Preclinical transplacental transfer and pharmacokinetics of fipronil in rats

Fipronil, a widely used insecticide and pesticide, with its toxic metabolite fipronil sulfone was detected in fipronil-contaminated eggs as a result of inappropriate use. However, little is known about whether fipronil and fipronil sulfone transfer into fetus through the blood-placenta barrier. Our objectives were to investigate the transplacental transfer and the pharmacokinetics of fipronil and fipronil sulfone in rats. Male and female (with 13 days of gestation) Sprague-Dawley rats were used in pharmacokinetics and transplacental transfer experiments, respectively. Biologic samples were collected at each time point after fipronil intravenous or oral administration. To monitor fipronil and fipronil sulfone in the plasma, placenta, amniotic fluid, and fetus, a validated liquid chromatography tandem mass spectrometry method was developed.
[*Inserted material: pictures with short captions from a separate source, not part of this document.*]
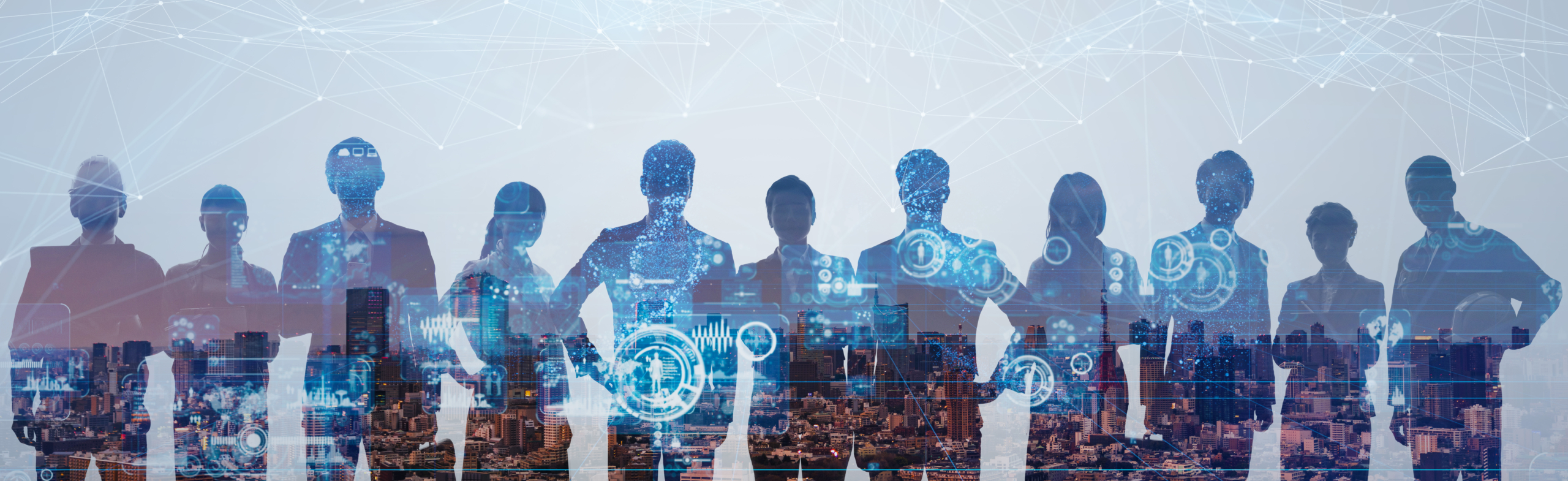 Digitale Transformation mit vernetzten Menschen und Technologien vor einer Stadtsilhouette.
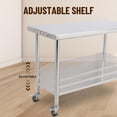 thumbnail image 4 of BeesClover Stainless Steel Table for Prep & Work with Backsplash, Kitchen Heavy Duty Table with Adjustable Under Shelf and Foot for Restaurant, Home and Hotel, 4 of 6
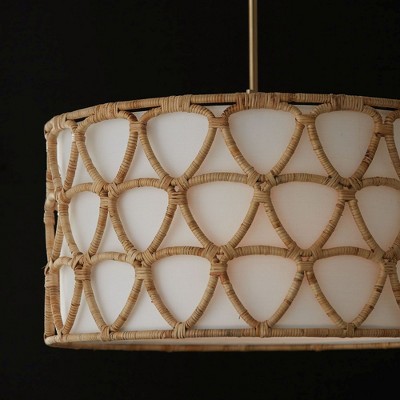 Matte Brass and Rattan 4-Light Drum Pendant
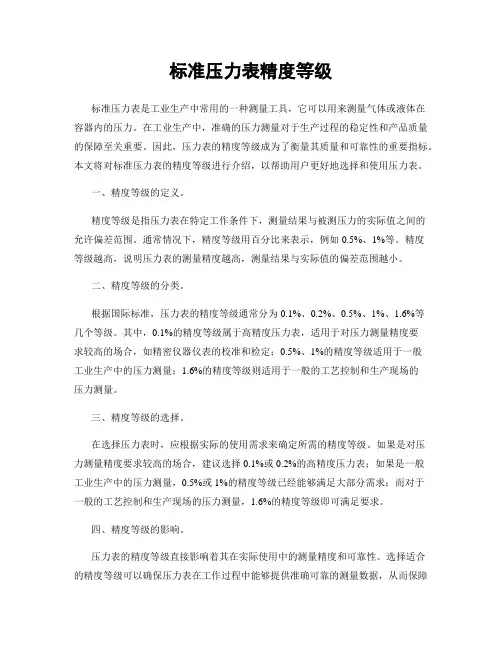 标准压力表精度等级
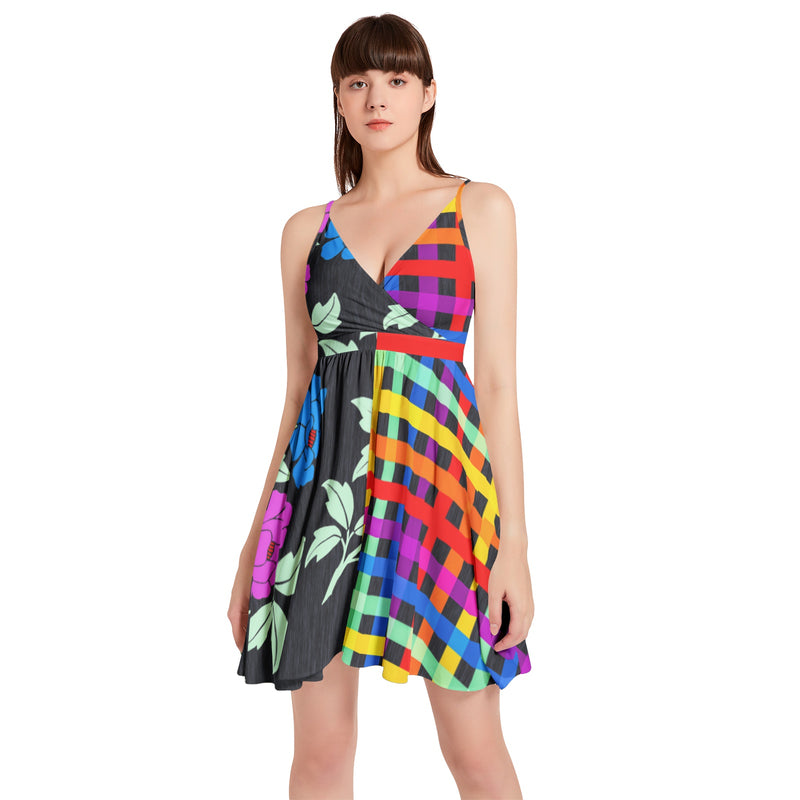 Floral Lattice Spaghetti Strap Sleeveless Falred Hem Short Dress - Objet D'Art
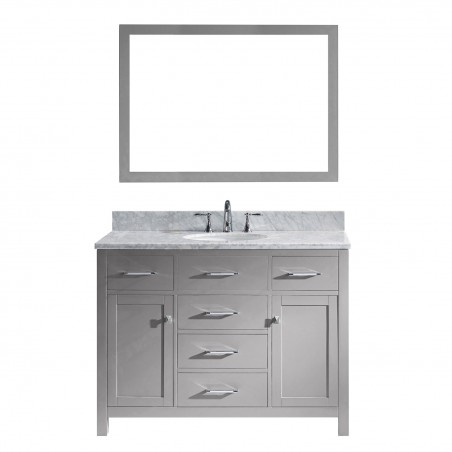 Caroline 48" Single Bathroom Vanity in Cashmere Grey with Marble Top and Round Sink with Mirror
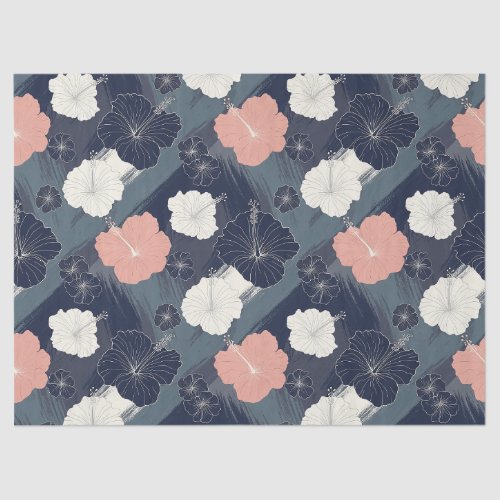 Elegant Blue Hibiscus Floral Pattern (10) Tissue Paper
After fipronil administration in male rats, the oral bioavailability decreased, whereas the biotransformation increased as the dose increased, revealing an enhancement of first-pass effect and a fast metabolism in vivo. The results of fipronil transplacental transfer in pregnant rats demonstrated that the concentration of fipronil and fipronil sulfone varied in the following order, respectively: Placenta > plasma > fetus > amniotic fluid and plasma > placenta > fetus > amniotic fluid. This is the first direct evidence that fipronil and fipronil sulfone cross the blood placental barriers and enter the fetus. The amount of fipronil distributed to the fetus was greater than that of fipronil sulfone in the short term, but by contrast, pharmacokinetic data showed that the latter stayed longer in the body. These findings provide constructive information for public health alarm.